In March, as part of The CARES Act, millions of Americans received a one-time check of up to $1,200, there was an additional $600 in unemployment benefits, and small businesses received assistance in the form of Paycheck Protection Program loans. Research from June indicates that it saved 12 million people from falling into poverty. According to new research from the JPMorgan Chase Institute, the median balance of checking accounts rose by 65% in April following Economic Impact Payments.

But at the end of July, many of these benefits expired, leaving millions of unemployed or furloughed Americans, and those unable to work remotely, in dire straits. Checking account balances began falling in May and by the end of September the median balance of checking accounts had lost 50% of those April increases.
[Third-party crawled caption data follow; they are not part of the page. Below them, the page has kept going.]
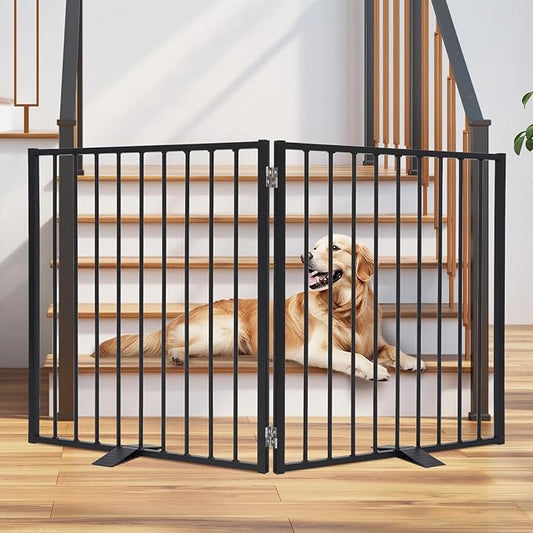 Snagle Paw Extra Wide Dog Gate,Free Standing Dog Fence with Door, Up to 52 Inch Wide Pet Gate with Support Feet for Stairs, Hallways, Doorways, Yard (Black, 2 Panels)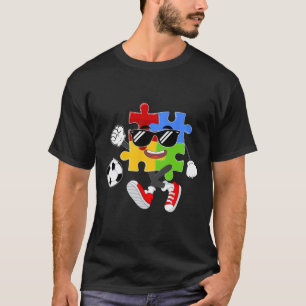 Camiseta Peça de Puzzle Jogando Futebol Dia de Conscientiza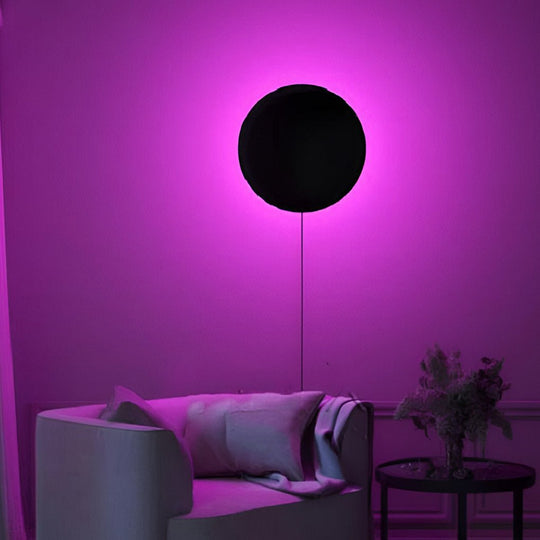 Round RGB LED Wall Sconce – Remote Control Black Modern Light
Nonprofits are seeing a surge in demand: Just look at the striking images of long lines outside food banks and soup kitchens across the country. 

Nearly a quarter of Americans have missed a mortgage payment during the pandemic, and half of homeowners have said they will run out of savings by the end of 2020, according to a March survey by Clever Real Estate, a service that connects prospective buyers with real estate agents. 

The economic downturn is taking a toll on Americans' mental health, too. In November, The Crisis Text Line, a free 24/7 hour mental health service, saw its highest volume of people reaching out in the service's seven-year history.

Meanwhile, the stock market has continued on an upward trajectory, and major retailers like Amazon and Walmart continue to see record profits. Billionaires like Jeff Bezos have seen their fortunes skyrocket. On the whole, American billionaires have seen their net worths grow by about $1 trillion during the pandemic, and are now worth a collective $4 trillion. Americans have taken notice: almost half of them are "very" concerned about rising inequality.

But help could be coming soon. On Wednesday, Democratic Sen. Joe Manchin of West Virginia said that a second stimulus check of $500 to $1,200 may be included in the final COVID-19 relief package expected this week from Congress.